Familiar, but not necessarily safe. Many party members remain unreconciled to his four-month reign. His victory in the leadership contest was painfully narrow, and he is identified – indeed, has identified himself – as the last regime’s continuity candidate. As the long arm of the law has descended on key members of that regime, this increasingly looks to have been an unwise positioning.
The warring independence movement, aware that its 16-year moment of possibility is drawing to a close, will not remove its teeth from Yousaf’s ankle. This week, Chris Hanlon, secretary of the SNP’s West Fife and Coastal Villages branch, announced that he wants to stand for the leadership and is seeking the 100 nominations he needs to spark another contest.

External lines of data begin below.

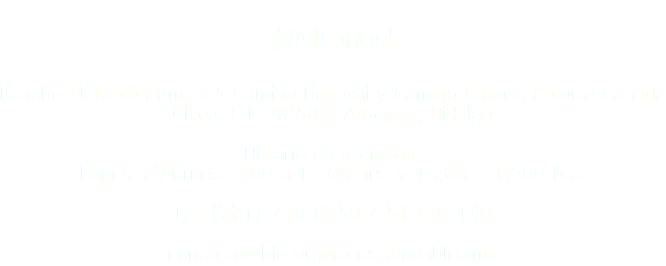  ¡Visítanos! Rancho El Tablón Km. 3.5 Camino Boxaxni y Camino Caxuxi, Colonia Cañada Chica, C.P. 42500, Actopan, Hidalgo Horario de atención: Lunes a Viernes: 7:00 a 13:00 hrs. y 14:00 a 15:30 hrs. Tel: (771) 716 6350 / 51 Ext. 140 contacto@bosmexico.com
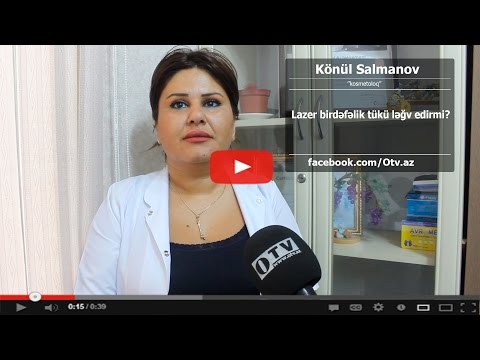[Kosmetoloq - Könül Salmanova] Lazer birdəfəlik tükü ləğv edirmi? [www.OTV.az]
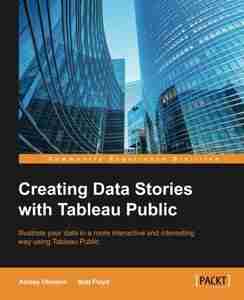 Creating Data Stories with Tableau Public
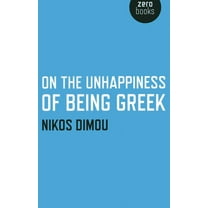 On the Unhappiness of Being Greek, (Paperback)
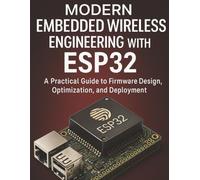 Modern Embedded Wireless Engineering with ESP32: A Practical Guide to Firmware Design, Optimization, and Deployment
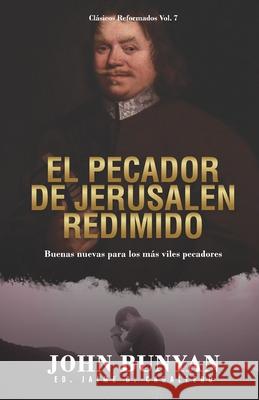 El Pecador de Jerusalen Redimido: Buenas Nuevas para los mas viles pecadores Pieter De Vries, Jaime D Caballero, Elioth R Fonseca 9786124820472 Teologia Para Vivir - książka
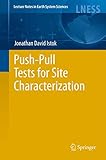 Push-Pull Tests for Site Characterization: 144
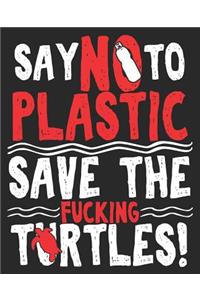 Say No To Plastic Save The Fucking Turtles!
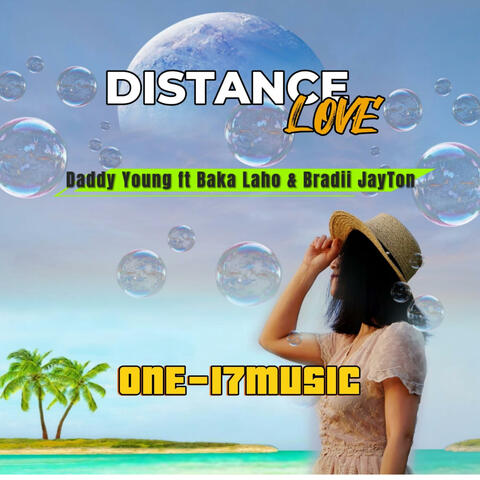 Distance Love (feat. Daddy Young | Baka laho | Bradii JayTon)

Hanlon is an obscure figure and will probably remain so. His challenge seems more about putting the frighteners on the high command than finding himself in Bute House with a nation to run. “I don’t really want to stand against Humza but I will if he keeps making up his own policies and won’t listen to members,” he told the Times.
Nevertheless, such strife doesn’t occur in contented parties. Like Hanlon, many members want the SNP to be run along more democratic lines, after the command and control that characterised the Nicola Sturgeon era. Yousaf has previously promised it will be, but that doesn’t seem to have done the trick.
But giving control over policy to a mass movement is a mad idea; a recipe for (even more) chaos. A strong leader would not have to deal with this kind of internal pressure. It all speaks to a sense that Yousaf, for all his energetic attempts to keep the independence campaign afloat, is drowning rather than waving.